Fell: Zwei Dinge: Zum einen müssen wir so schnell wie möglich damit aufhören, Treibhausgase in die Atmosphäre zu blasen. Zum anderen müssen wir jene Treibhausgase wieder einfangen, die wir bereits freigesetzt haben. Beides erfordert große Anstrengungen, aber wir besitzen alle Mittel und Möglichkeiten, die es dafür bedarf. Wir Menschen sind ja eine sehr einfallsreiche Spezies, im Guten wie im Schlechten.
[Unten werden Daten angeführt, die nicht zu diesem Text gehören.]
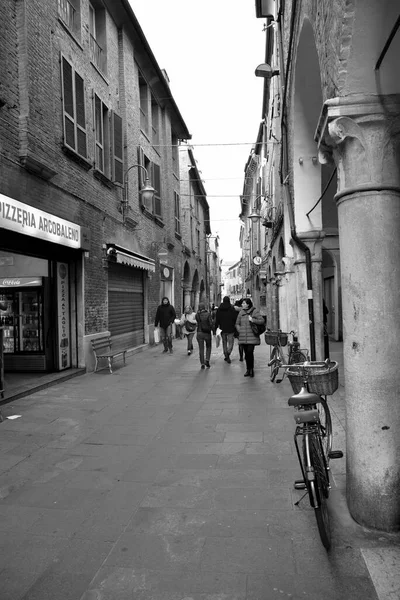 Turisták Járókelők Romagna Város Történelmi Központjában February 2018 Ferrara Italy — Stock Fotó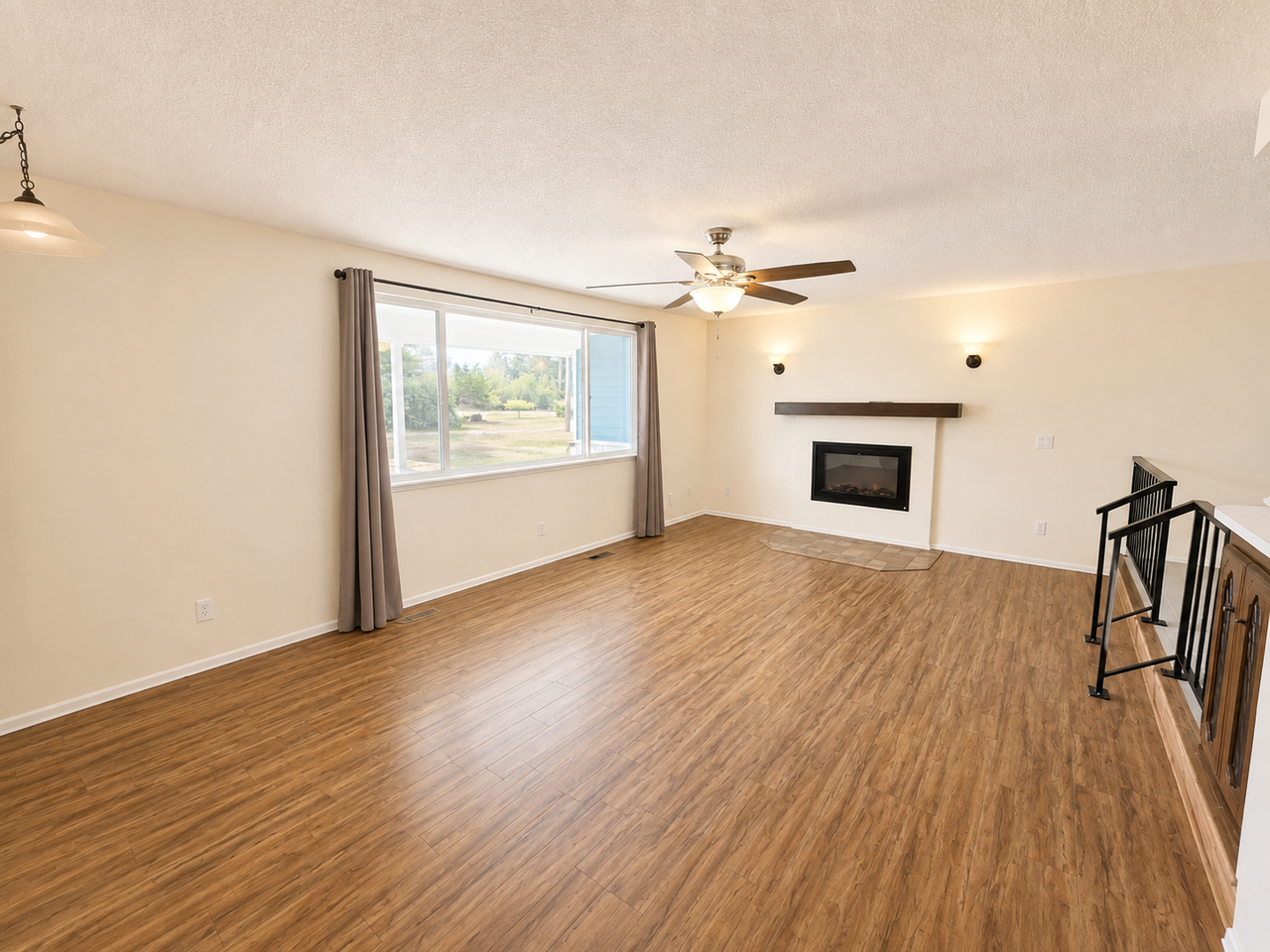 11741 Vail Rd Se - Photo 2 of 16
An welche Mittel denken Sie konkret?
Fell: Das Wichtigste ist, keine fossilen Treibstoffe mehr zu verfeuern. 60 Prozent der Emissionen stammen aus der Verbrennung von Öl, Gas und Kohle. Das müssen wir schnell stoppen, indem wir unsere Energie zu 100 Prozent erneuerbar produzieren. Mit Solarenergie, Windkraft, Wasserkraft, Biomasse, Geothermie und Speichern verfügen wir über alle nötigen Werkzeuge für den Umstieg. Die gesamte Gesellschaft muss nur wollen. Es gibt aber noch weitere CO2-Quellen. Ein großer Faktor sind petrochemische Kunststoffe. Wenn sie nicht mehr gebraucht werden, passiert zweierlei: Entweder landen sie in den Flüssen und Meeren, wo sie verheerende Umweltschäden verursachen, oder sie kommen in die Müllverbrennung, wo sie den in ihnen enthaltenen Kohlenstoff als CO2 freisetzen. Der Ausweg wäre eine vollständige Kreislaufwirtschaft, die ohne Emissionen auskommt, in der Chemie beispielsweise mit Biokunststoffen, statt fossiler Petrochemie. Viel CO2 und andere Treibhausgase stammen darüber hinaus aus der Landwirtschaft. Aber auch da gibt es Mittel und Wege. Wenn wir sie richtig betreiben, zum Beispiel mit Biolandwirtschaft, kann die Landwirtschaft von einer CO2-Quelle zur CO2-Senke werden. Denn das ist die zweite große Aufgabe im Klimaschutz: die Entnahme von Treibhausgasen aus der Atmosphäre.